== WHAT IS EXPECTED ==
Return only the lines from the start of the records through the line that contains "Hey guys, it's", inclusive; leave out all pictures.

== DATASET ==
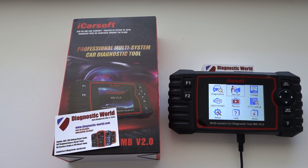Hi guys, thanks for tuning into this car tech video. In this video I'm going to do a short information bulletin on two new features which have been added to the iCarSoft MB version 2.0 kit. The MB version 2.0 is suitable for Mercedes, Smart, and Sprinter vehicles.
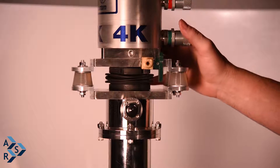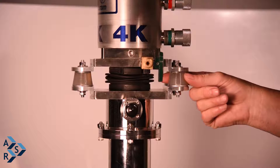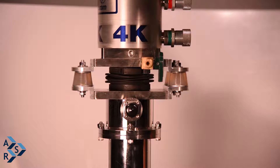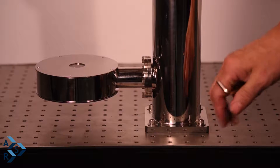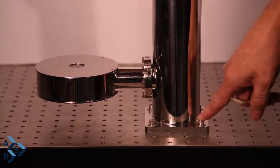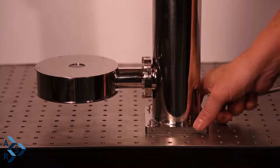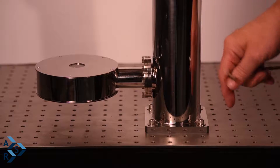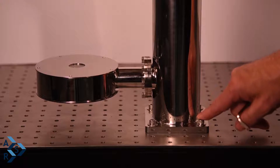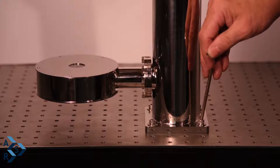This is one way of setting up the system. Most breadboards use quarter-20 fittings, so we have stainless steel socket head cap screws, and the way our flange is designed is to actually mount on the breadboard. What we normally do is tighten these screws in hand tight first and then back them up with the Allen key.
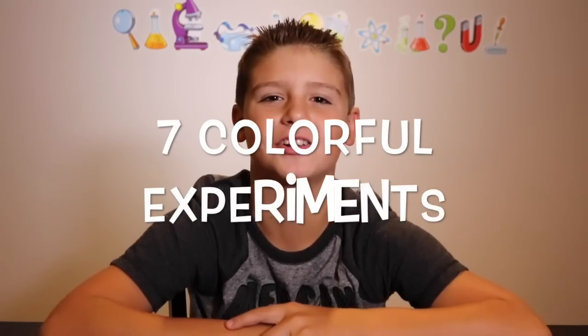Hey guys, it's Aiden from WizKids Science and welcome to my top seven colorful experiments.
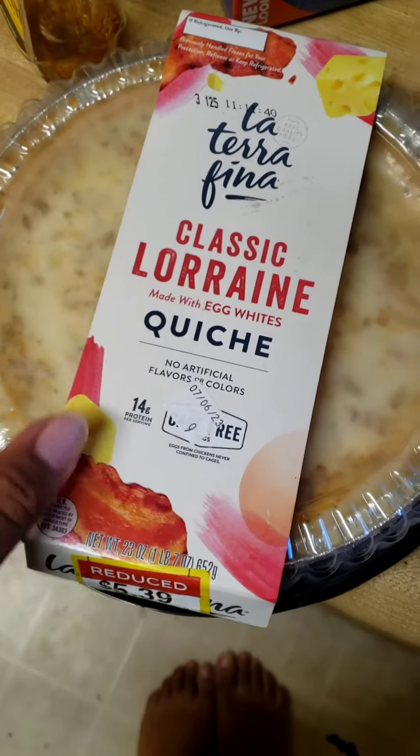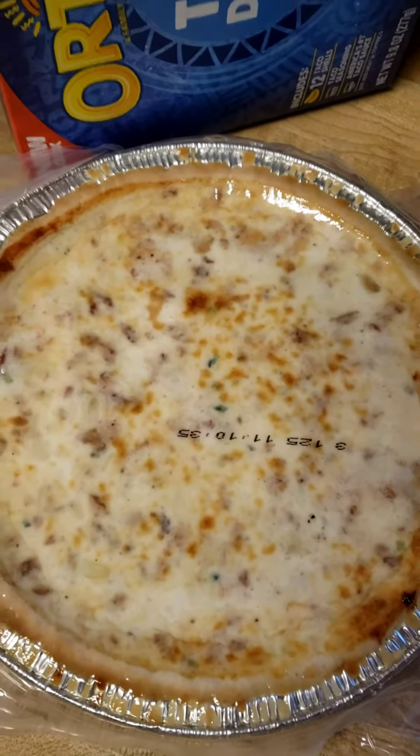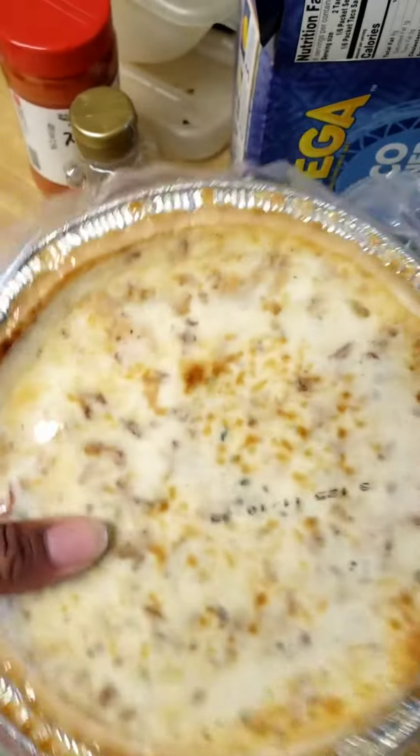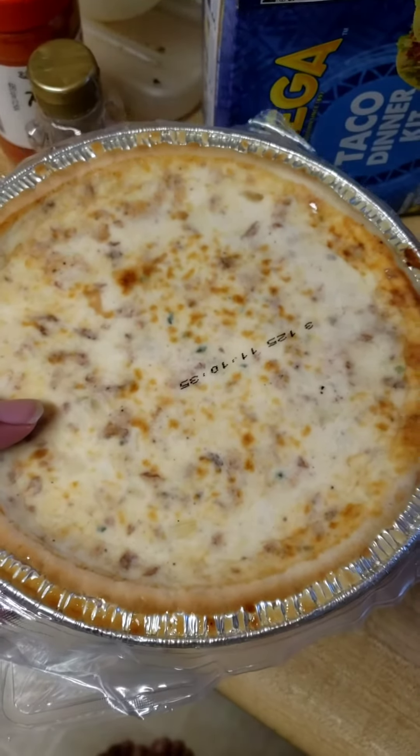I'm going to be removing the packaging and opening it to see how it looks. This is how the quiche looks — I just unboxed everything. Looks really nice, like a standard quiche. I'll put this in the oven right now and see how it turns out.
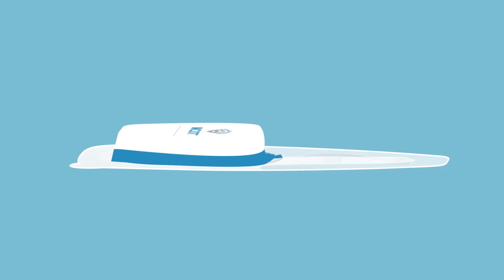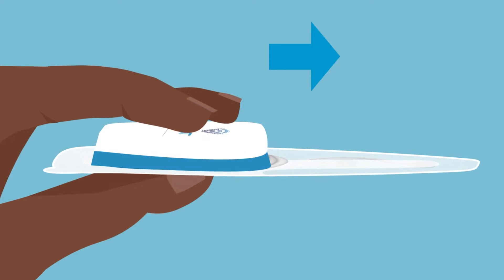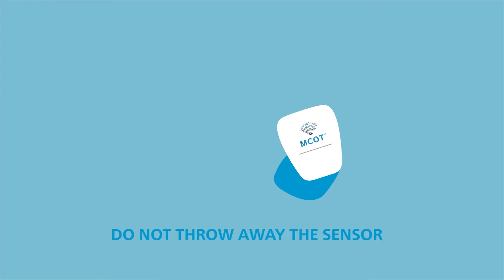Now that MCOT has been removed, you will need to remove the sensor from the patch. Apply downward pressure on the blue tab to snap it off — this may require some force. Next, hold the sensor as shown and gently slide it towards the tab to remove it from the patch. After the sensor is removed, discard the used patch but keep the sensor.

== TASK SOLUTION ==
Hi guys, thanks for tuning into this car tech video. In this video I'm going to do a short information bulletin on two new features which have been added to the iCarSoft MB version 2.0 kit. The MB version 2.0 is suitable for Mercedes, Smart, and Sprinter vehicles.
This is one way of setting up the system. Most breadboards use quarter-20 fittings, so we have stainless steel socket head cap screws, and the way our flange is designed is to actually mount on the breadboard. What we normally do is tighten these screws in hand tight first and then back them up with the Allen key.
Hey guys, it's Aiden from WizKids Science and welcome to my top seven colorful experiments.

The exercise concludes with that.